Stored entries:

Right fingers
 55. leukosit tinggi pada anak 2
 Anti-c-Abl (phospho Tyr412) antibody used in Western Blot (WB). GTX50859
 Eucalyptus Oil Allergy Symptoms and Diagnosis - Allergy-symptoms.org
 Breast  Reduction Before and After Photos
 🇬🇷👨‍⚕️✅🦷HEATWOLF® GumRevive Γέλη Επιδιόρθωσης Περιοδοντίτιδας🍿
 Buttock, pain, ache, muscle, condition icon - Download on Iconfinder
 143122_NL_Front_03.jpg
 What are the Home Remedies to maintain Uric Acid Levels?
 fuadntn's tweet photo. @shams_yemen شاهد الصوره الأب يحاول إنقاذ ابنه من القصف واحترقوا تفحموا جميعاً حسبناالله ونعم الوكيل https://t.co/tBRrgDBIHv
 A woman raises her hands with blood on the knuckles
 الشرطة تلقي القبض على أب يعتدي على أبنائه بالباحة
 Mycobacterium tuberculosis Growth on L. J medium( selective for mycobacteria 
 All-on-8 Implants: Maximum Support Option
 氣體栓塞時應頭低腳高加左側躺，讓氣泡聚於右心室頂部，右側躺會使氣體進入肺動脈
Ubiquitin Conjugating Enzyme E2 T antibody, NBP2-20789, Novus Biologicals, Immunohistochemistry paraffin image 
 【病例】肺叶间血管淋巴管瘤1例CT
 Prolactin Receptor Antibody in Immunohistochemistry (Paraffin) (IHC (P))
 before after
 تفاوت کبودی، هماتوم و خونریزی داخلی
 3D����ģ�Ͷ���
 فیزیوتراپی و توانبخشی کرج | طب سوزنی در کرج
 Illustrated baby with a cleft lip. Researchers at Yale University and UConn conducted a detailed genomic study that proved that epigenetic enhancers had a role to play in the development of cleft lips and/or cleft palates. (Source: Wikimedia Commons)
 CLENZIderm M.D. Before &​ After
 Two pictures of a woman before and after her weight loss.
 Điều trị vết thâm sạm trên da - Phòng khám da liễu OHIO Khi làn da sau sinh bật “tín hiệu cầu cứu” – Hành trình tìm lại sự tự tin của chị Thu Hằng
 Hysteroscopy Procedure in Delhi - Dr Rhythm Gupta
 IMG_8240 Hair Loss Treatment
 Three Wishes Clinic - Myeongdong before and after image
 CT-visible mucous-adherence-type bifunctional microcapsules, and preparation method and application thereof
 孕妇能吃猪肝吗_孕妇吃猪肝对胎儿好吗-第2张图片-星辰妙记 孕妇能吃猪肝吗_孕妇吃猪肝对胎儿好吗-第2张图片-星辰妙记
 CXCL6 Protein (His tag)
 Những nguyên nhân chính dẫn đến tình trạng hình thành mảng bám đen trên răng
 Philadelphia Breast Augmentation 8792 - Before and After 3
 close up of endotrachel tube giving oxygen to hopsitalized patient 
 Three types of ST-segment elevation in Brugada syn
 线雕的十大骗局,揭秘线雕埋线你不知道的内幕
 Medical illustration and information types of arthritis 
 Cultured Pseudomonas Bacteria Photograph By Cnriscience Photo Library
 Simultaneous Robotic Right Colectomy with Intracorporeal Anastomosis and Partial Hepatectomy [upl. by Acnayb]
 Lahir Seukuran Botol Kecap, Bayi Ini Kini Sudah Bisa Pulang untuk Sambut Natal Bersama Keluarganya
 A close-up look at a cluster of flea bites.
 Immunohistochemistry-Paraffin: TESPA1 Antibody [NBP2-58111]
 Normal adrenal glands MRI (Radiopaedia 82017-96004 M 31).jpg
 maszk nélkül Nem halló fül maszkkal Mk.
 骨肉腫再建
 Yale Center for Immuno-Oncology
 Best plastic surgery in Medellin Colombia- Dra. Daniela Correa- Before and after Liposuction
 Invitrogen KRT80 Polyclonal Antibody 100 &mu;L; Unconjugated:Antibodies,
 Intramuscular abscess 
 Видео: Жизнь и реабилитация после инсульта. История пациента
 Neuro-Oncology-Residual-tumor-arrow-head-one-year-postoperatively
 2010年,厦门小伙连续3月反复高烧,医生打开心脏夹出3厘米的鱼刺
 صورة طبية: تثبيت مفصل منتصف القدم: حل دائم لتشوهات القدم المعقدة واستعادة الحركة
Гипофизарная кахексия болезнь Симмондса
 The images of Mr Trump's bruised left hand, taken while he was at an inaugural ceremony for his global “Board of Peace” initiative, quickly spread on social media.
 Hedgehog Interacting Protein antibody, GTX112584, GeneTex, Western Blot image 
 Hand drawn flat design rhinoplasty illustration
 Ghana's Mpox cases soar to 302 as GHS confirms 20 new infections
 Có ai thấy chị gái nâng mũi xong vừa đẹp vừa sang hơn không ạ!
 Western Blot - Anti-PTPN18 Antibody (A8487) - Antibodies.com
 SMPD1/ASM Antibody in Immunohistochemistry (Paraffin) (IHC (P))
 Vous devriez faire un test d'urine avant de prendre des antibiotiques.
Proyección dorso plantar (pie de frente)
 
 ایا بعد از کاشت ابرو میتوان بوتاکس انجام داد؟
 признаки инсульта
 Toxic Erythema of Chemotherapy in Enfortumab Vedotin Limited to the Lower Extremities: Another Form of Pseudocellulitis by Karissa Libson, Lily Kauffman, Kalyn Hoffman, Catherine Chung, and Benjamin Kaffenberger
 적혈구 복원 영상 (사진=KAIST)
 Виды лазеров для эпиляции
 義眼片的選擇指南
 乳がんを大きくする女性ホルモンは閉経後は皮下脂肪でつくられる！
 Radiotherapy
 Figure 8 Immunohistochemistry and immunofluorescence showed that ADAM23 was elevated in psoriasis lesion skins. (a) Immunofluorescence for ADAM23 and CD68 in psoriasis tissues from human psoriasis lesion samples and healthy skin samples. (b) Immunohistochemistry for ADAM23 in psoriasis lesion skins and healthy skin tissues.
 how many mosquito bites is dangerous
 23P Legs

# [What is expected]
Once the line with "Immunohistochemistry-Paraffin: TESPA1 Antibody" is found in the records above, print exactly that line and every line after it through the line with "Гипофизарная кахексия болезнь Симмондса".

# [Exercise output]
 Immunohistochemistry-Paraffin: TESPA1 Antibody [NBP2-58111]
 Normal adrenal glands MRI (Radiopaedia 82017-96004 M 31).jpg
 maszk nélkül Nem halló fül maszkkal Mk.
 骨肉腫再建
 Yale Center for Immuno-Oncology
 Best plastic surgery in Medellin Colombia- Dra. Daniela Correa- Before and after Liposuction
 Invitrogen KRT80 Polyclonal Antibody 100 &mu;L; Unconjugated:Antibodies,
 Intramuscular abscess 
 Видео: Жизнь и реабилитация после инсульта. История пациента
 Neuro-Oncology-Residual-tumor-arrow-head-one-year-postoperatively
 2010年,厦门小伙连续3月反复高烧,医生打开心脏夹出3厘米的鱼刺
 صورة طبية: تثبيت مفصل منتصف القدم: حل دائم لتشوهات القدم المعقدة واستعادة الحركة
Гипофизарная кахексия болезнь Симмондса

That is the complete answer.